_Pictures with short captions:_
+---+
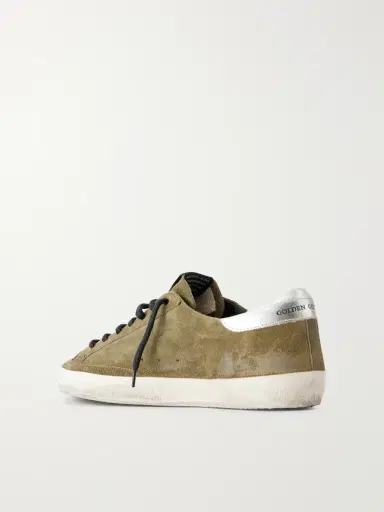 Golden Goose Super-Star Distressed Leather-Trimmed Suede Sneakers - Men | Thumbnail 4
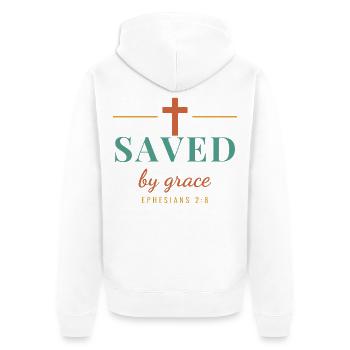 Saved By Grace – Ephesians 2:8 Christian - Unisex Premium Bio Zip Hoodie - Weiß - Hinten - Thijin (182cm)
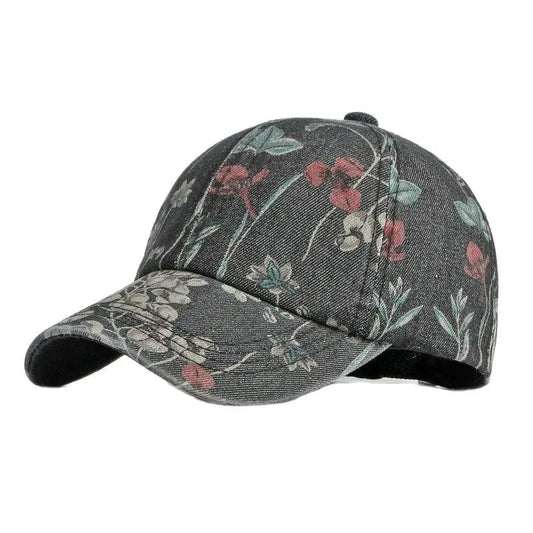 Vintage Floral Print Washed Baseball Cap with Curved Brim for Casual Streetwear Everyday Style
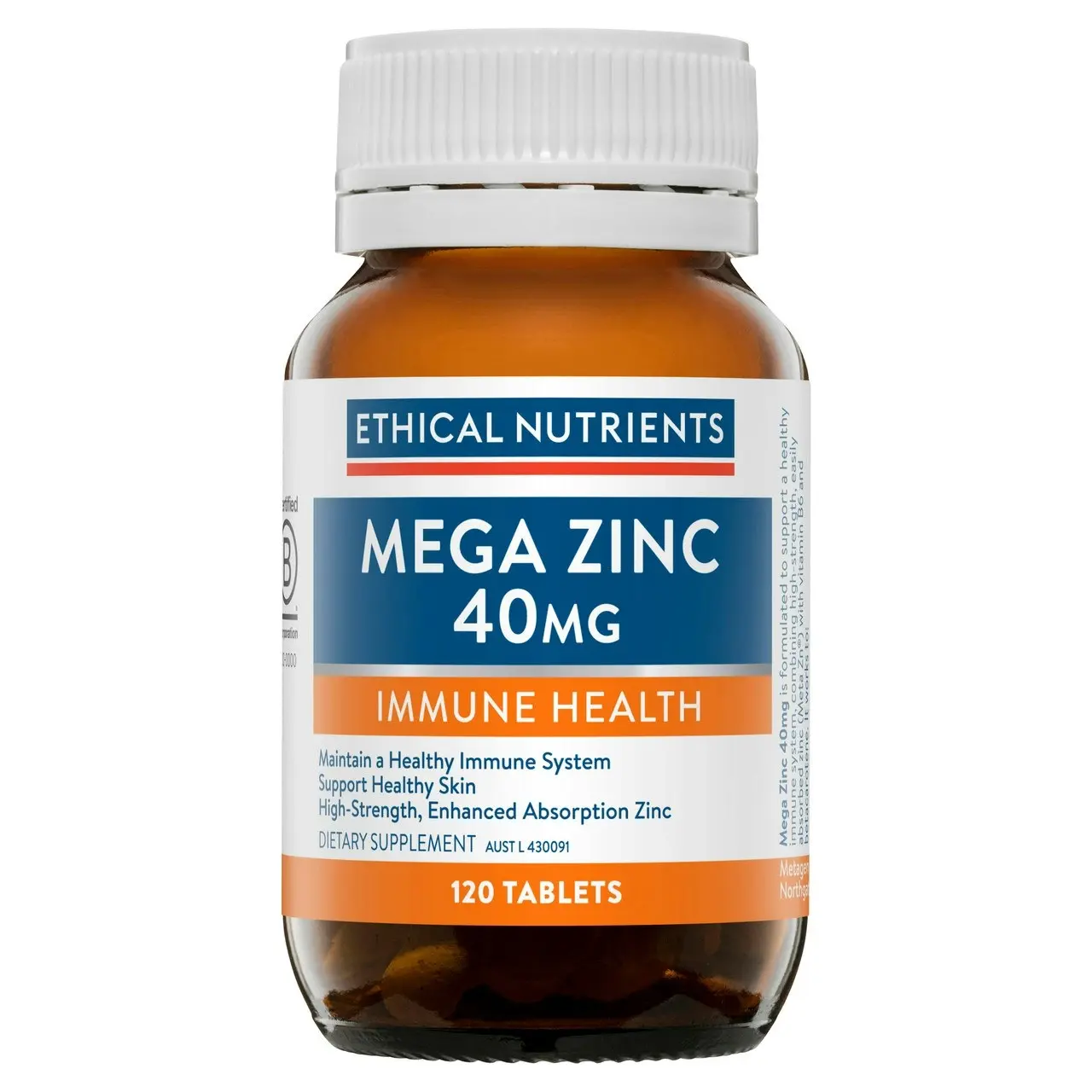 Ethical Nutrients Mega Zinc 40mg 120 Tablets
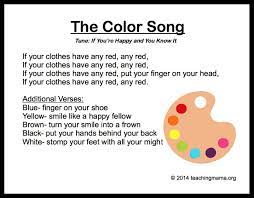 10 Preschool Songs About Colors Classroom Songs Kindergarten Songs Preschool Songs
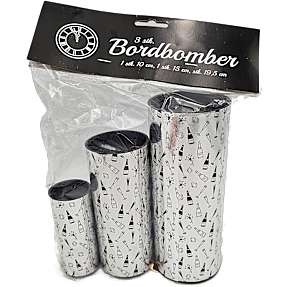 Bordbomber med dekoration 3-pak - flere varianter - assorteret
+---+
_Activity:_ What is needed is an exact printout of all the entries, without the pictures.

_Solution to this problem:_
 Golden Goose Super-Star Distressed Leather-Trimmed Suede Sneakers - Men | Thumbnail 4
 Saved By Grace – Ephesians 2:8 Christian - Unisex Premium Bio Zip Hoodie - Weiß - Hinten - Thijin (182cm)
 Vintage Floral Print Washed Baseball Cap with Curved Brim for Casual Streetwear Everyday Style
 Ethical Nutrients Mega Zinc 40mg 120 Tablets
 10 Preschool Songs About Colors Classroom Songs Kindergarten Songs Preschool Songs
 Bordbomber med dekoration 3-pak - flere varianter - assorteret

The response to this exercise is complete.